Steuergutschrift Neuinvestitionen – Übergabe bis zum Jahresende (Art. 3-quater)

Zur Erinnerung: Die Steuergutschriften für Investitionen sind zum Jahreswechsel erheblich reduziert worden (von 10% auf 6% für Normalinvestitionen und von 50% auf 40% für Investitionen im Bereich Industrie 4.0). Dabei gilt die Übergangsregelung, dass weiterhin in den Genuss der früheren höheren Förderungen gelangt, wer innerhalb 31. Dezember 2021 einen verbindlichen Auftrag erteilt und eine Anzahlung von zumindest 20% geleistet hat, immer unter der Voraussetzung, dass die Übergabe der Güter dann spätestens innerhalb 30. Juni 2022 erfolgt. Gerade dieser letzte Termin hat es angesichts der Schwierigkeiten bei den Lieferketten aber in sich, und es ist schon heute absehbar, dass in vielen Fällen eine Auslieferung innerhalb Juni nicht mehr möglich sein wird. Dem kommt der Gesetzgeber jetzt entgegen und verlängert den Termin der Übergabe auf den 31. Dezember 2022. Daraus folgt: Die höheren Fördersätze gelten, immer unter den aufgezeigten Voraussetzungen, für Übergaben der Güter innerhalb Jahresende 2022.
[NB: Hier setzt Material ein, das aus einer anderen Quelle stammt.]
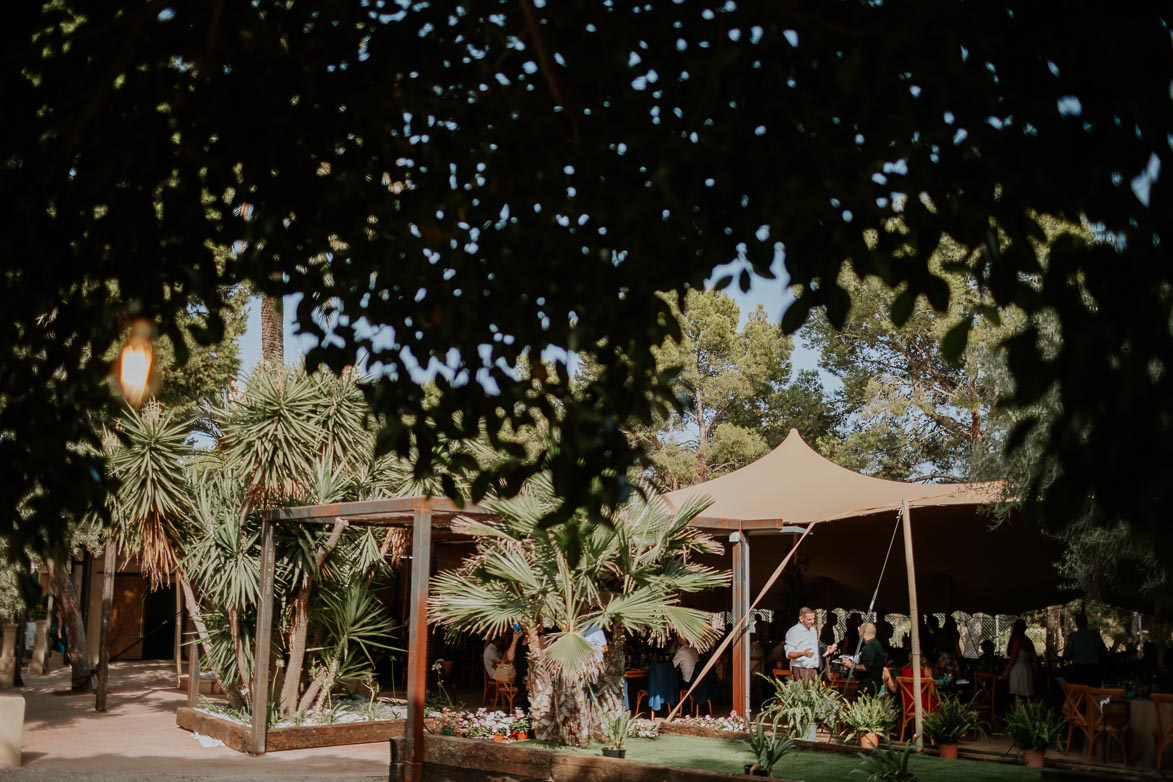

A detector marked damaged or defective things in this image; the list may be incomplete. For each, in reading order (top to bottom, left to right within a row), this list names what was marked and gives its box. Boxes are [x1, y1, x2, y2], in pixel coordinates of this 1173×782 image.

rusted metal frame [251, 515, 278, 755]
rusted metal frame [403, 501, 431, 782]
Gesellschafterversammlungen (Art. 3, Abs. 1)

Gesellschafterversammlungen von AGs und GmbHs können infolge der Coronapandemie noch bis zum 31. Juli 2022 vereinfacht, wie in Art. 106 der G.V. 18/2020 vorgesehen, über Telefon- oder Videokonferenzen abgehalten werden, auch wenn diese Verfahren nicht ausdrücklich in den Satzungen der jeweiligen Gesellschaft vorgesehen sind. Ebenso sind bei GmbHs Beschlüsse im Umlaufverfahren bis zum obgenannten Termin zulässig, auch wenn in den Satzungen nicht verankert.

Wichtig: Die Bestimmung betrifft im Unterschied zum Vorjahr nicht auch die allgemeine Fristverlängerung für die Bilanzgenehmigung auf 180 Tage. Wer heuer also nach dem 30. April 2022 den Jahresabschluss für 2021 genehmigen will, muss hierfür wieder eine spezifische Begründung mit Beschluss des Verwaltungsrates vorsehen.
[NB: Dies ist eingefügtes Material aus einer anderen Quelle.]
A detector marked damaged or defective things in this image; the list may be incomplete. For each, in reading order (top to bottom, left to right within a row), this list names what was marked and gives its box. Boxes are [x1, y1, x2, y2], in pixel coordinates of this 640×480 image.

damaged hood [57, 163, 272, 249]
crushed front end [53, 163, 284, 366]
Verlustabdeckung (Art. 3. Abs. 1-ter)

Auch noch für den Jahresabschluss zum 31.12.2021 gilt die
Sonderregelung, dass aufgrund der Covid-Pandemie Bilanzverluste nicht umgehend
abgedeckt werden müssen, sondern dass hierfür eine Übergangsfrist von 5
Jahren
gilt. Konkret betrifft die Erleichterung die Reduzierung des
Gesellschaftskapitals bei Bilanzverlusten, welche ein Drittel des
Gesellschaftskapitals übersteigen (Art. 2446 Abs. 2-3 ZGB), sowie die
Wiederherstellung des Kapitals bzw. die Umwandlung oder die Auflösung der
Gesellschaften bei negativem Reinvermögen (Art. 2447 bei AG und Art. 2482-ter
bei GmbH).

Wichtig: Im Anhang zum Jahresabschluss ist ein getrennter Ausweis dieser Jahresfehlbeträge verlangt.
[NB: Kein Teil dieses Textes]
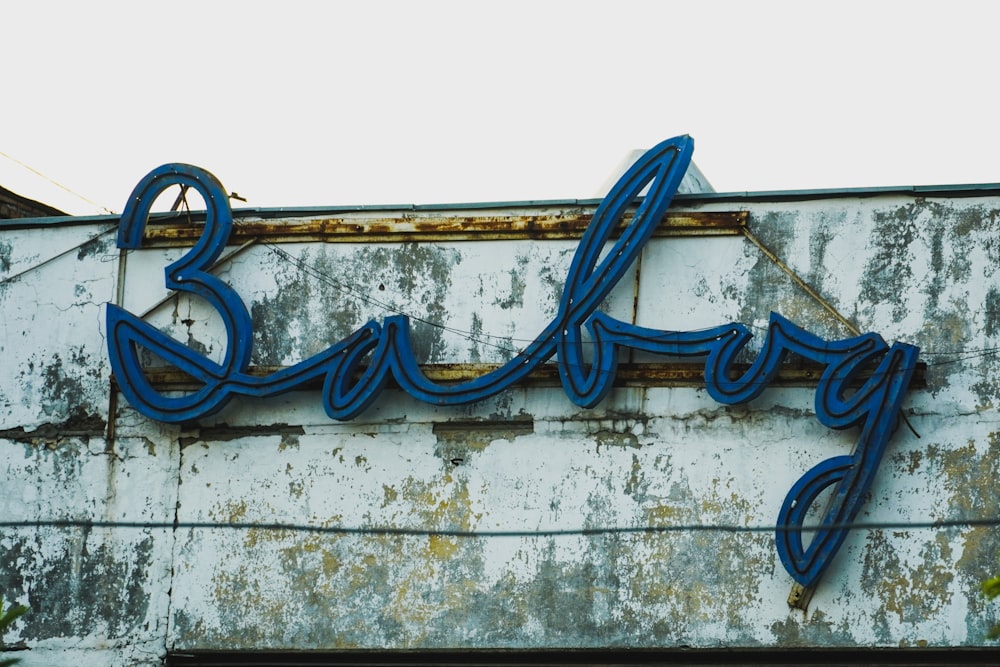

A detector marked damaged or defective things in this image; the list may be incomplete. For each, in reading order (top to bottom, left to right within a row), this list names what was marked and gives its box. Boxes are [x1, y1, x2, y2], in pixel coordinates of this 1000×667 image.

rusted metal trim [137, 211, 748, 248]
rusty metal flashing [139, 210, 752, 247]
rusted metal trim [119, 362, 928, 394]
rusty metal flashing [125, 362, 928, 394]
cracked wall surface [5, 193, 1000, 664]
Aussetzung Abschreibung (Art. 1, Abs. 5-quinquiesdecies)

Auch im Jahresabschluss für 2021 dürfen für Steuerzwecke die Abschreibungen immaterieller Anlagen und von Sachanlagen berechnet werden, auch wenn sie für handelsrechtliche Zwecke infolge der Probleme rund um Covid-19 ausgesetzt werden (um so das Reinvermögen nicht zu schmälern), und zwar unabhängig davon, ob man diese Option schon im Jahresabschluss für 2020 genutzt hat oder nicht. Die Berechnungen der notwendigen Steuerrückstellungen und die notwendigen Informationen im Bilanzanhang bleiben im Vergleich zum Vorjahr unverändert.

Offenlegung öffentlicher Beihilfen (Art. 3 septies)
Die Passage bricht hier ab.